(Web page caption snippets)
*** Block opens ***

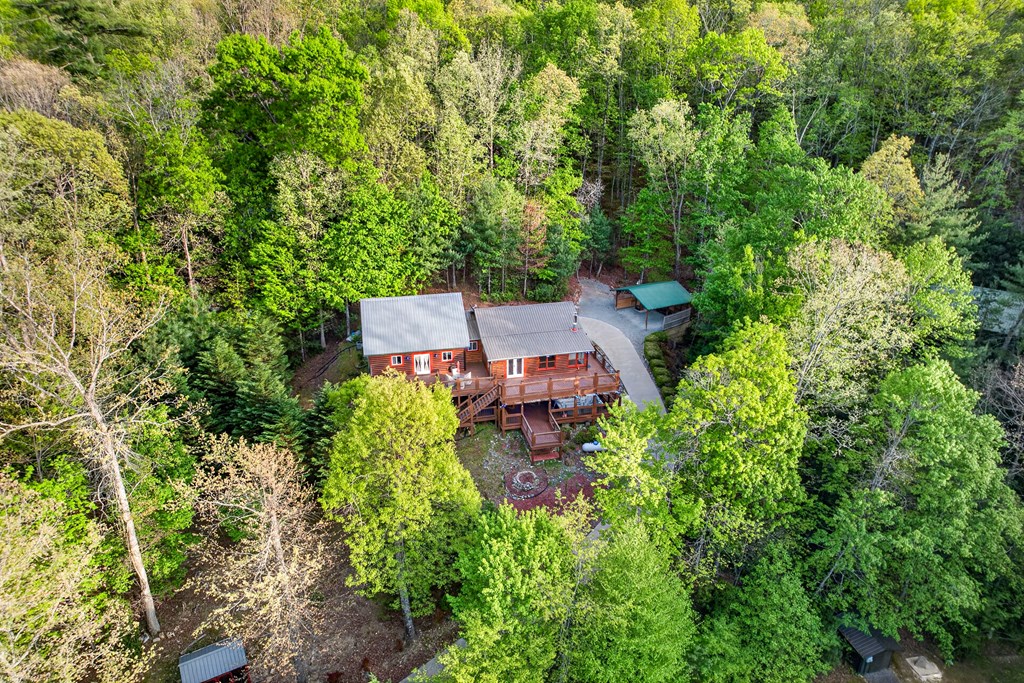19 The Forest Road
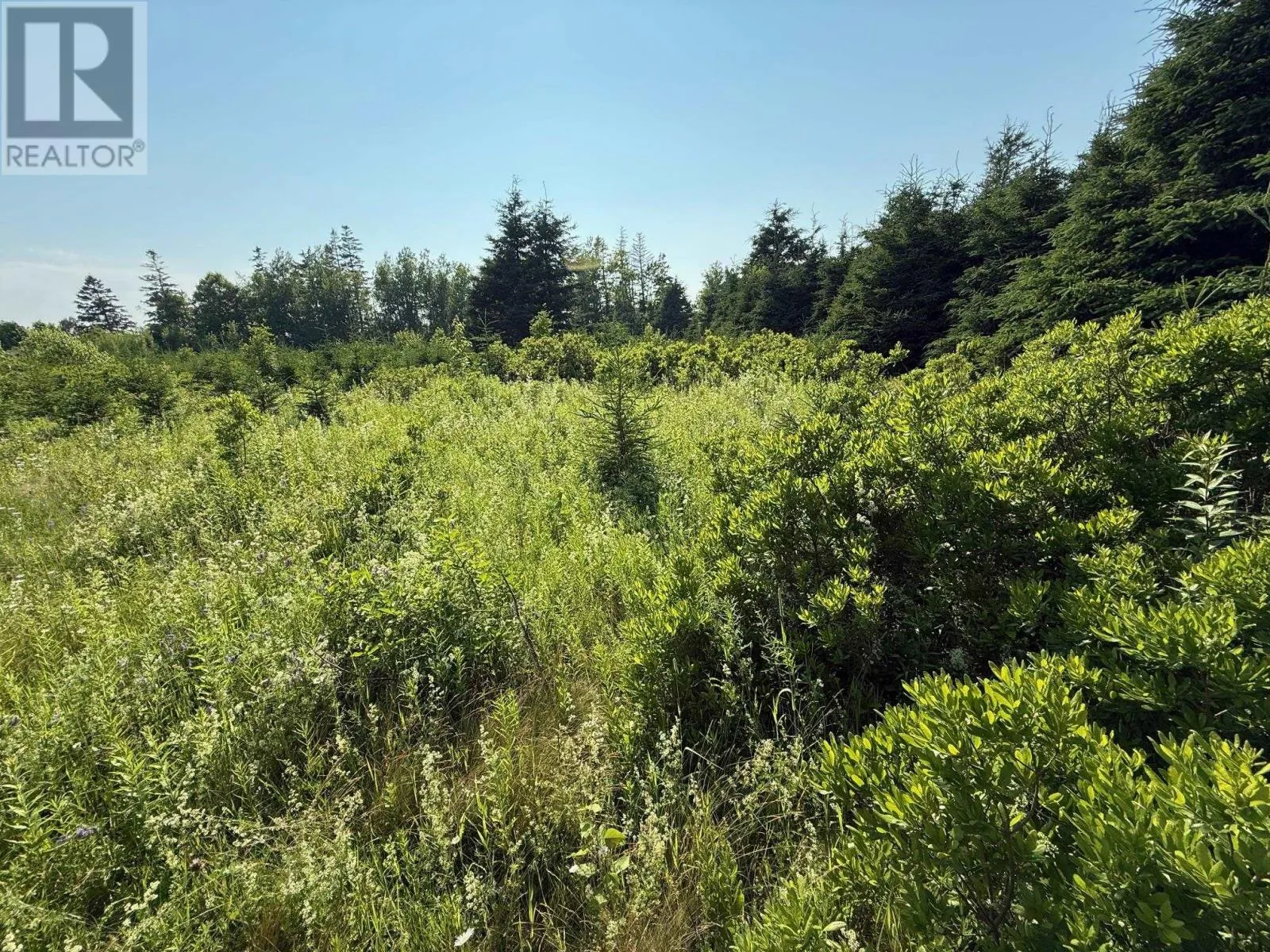 46 Sheri Court, Birch Hill, Prince Edward Island C0B 2C0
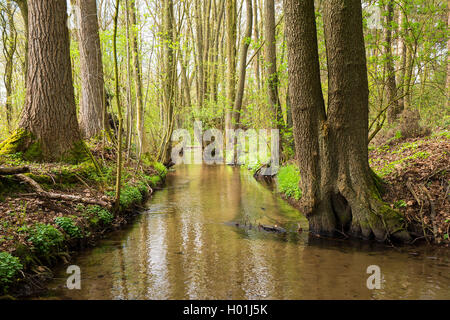 Common Alder, Black Alder, Europäische Erle (Alnus glutinosa), alder umrandete Brooke im Frühjahr, Lebensraum der Eisvögel, Deutschland, Nordrhein-Westfalen, Schloss Holte-Stukenbrock Stockfoto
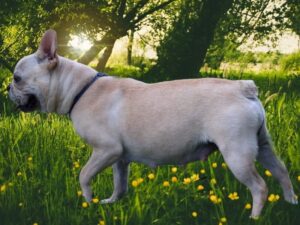 Willow, our French Bulldog dam at Brubackers Beloved Bulldogs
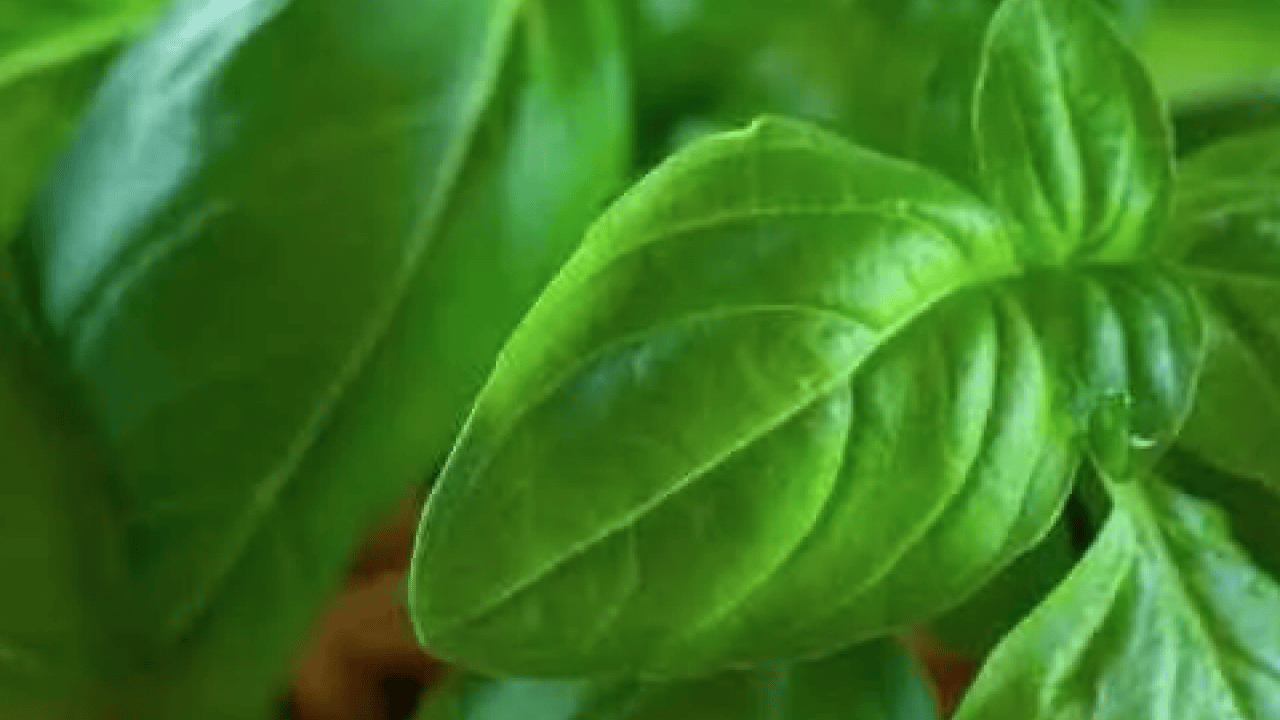 Foto - Sakın koymayın! Buzdolabına bunları yerleştirmeniz hata mı yoksa?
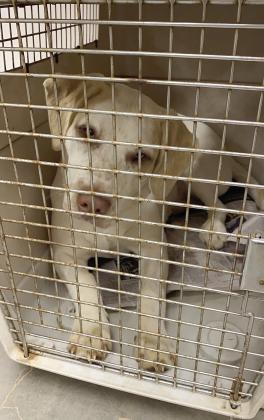 Sweet KaCi Mo, at the Lost Paws Clinic, awaits transport to the Oklahoma Humane Society for her spay appointment. Julie Talton, Countywide &amp;amp; Sun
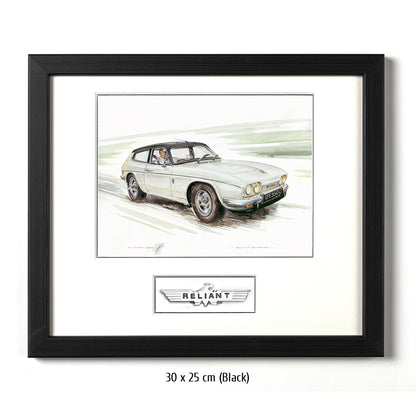 #0243  'Reliant Scimitar'
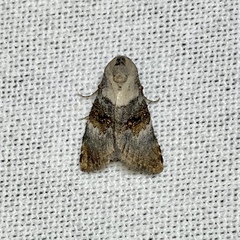 Acatapaustus leucospila
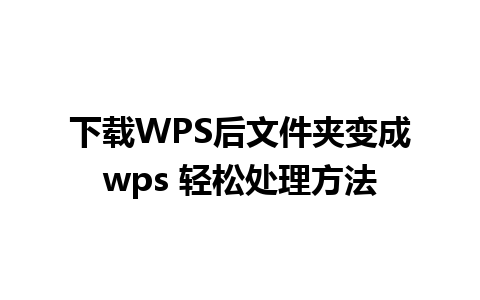 下载WPS后文件夹变成wps 轻松处理方法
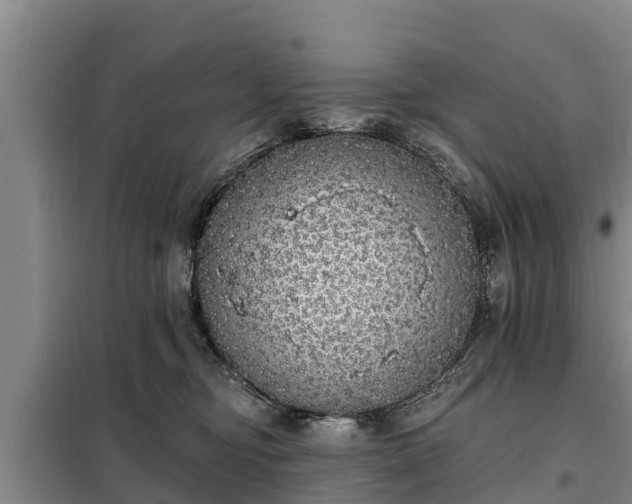 X0000099300374200805091000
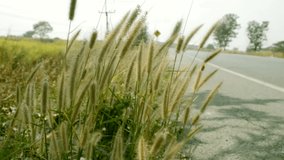 Dry plants on roadside of asphalt road in autumn sunny windy day / Dry plants on roadside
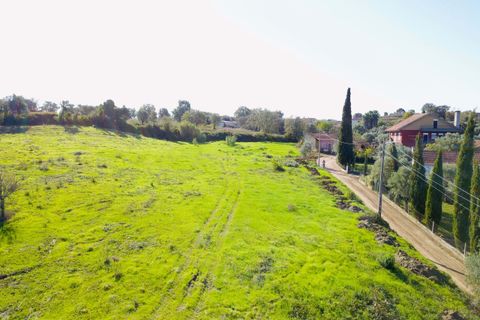 Helårsgrund i Tomar, Santarem, Tomar - € 140.000 | Ref: VCP025/23 - foto 13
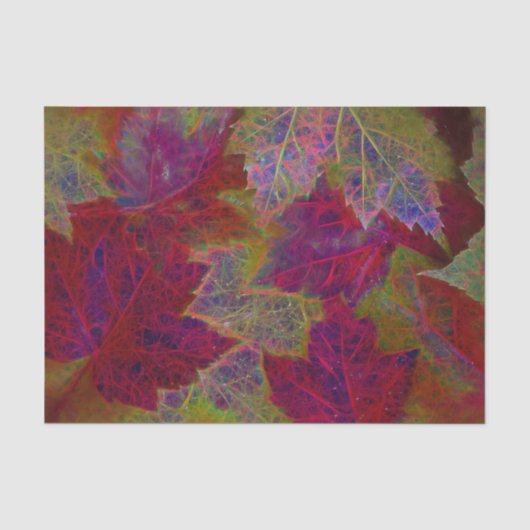 Herfst Rood Geel Neon Esdorenbladeren Tissuepapier (Voorkant)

*** Block closes ***

WHAT THE TASK ASKS
The lines to retype run from the one containing "Sweet KaCi Mo, at" through the last line of the records above; write them exactly and skip the pictures.

TASK SOLUTION
 Sweet KaCi Mo, at the Lost Paws Clinic, awaits transport to the Oklahoma Humane Society for her spay appointment. Julie Talton, Countywide &amp;amp; Sun
 #0243  'Reliant Scimitar'
 Acatapaustus leucospila
 下载WPS后文件夹变成wps 轻松处理方法
 X0000099300374200805091000
 Dry plants on roadside of asphalt road in autumn sunny windy day / Dry plants on roadside
 Helårsgrund i Tomar, Santarem, Tomar - € 140.000 | Ref: VCP025/23 - foto 13
 Herfst Rood Geel Neon Esdorenbladeren Tissuepapier (Voorkant)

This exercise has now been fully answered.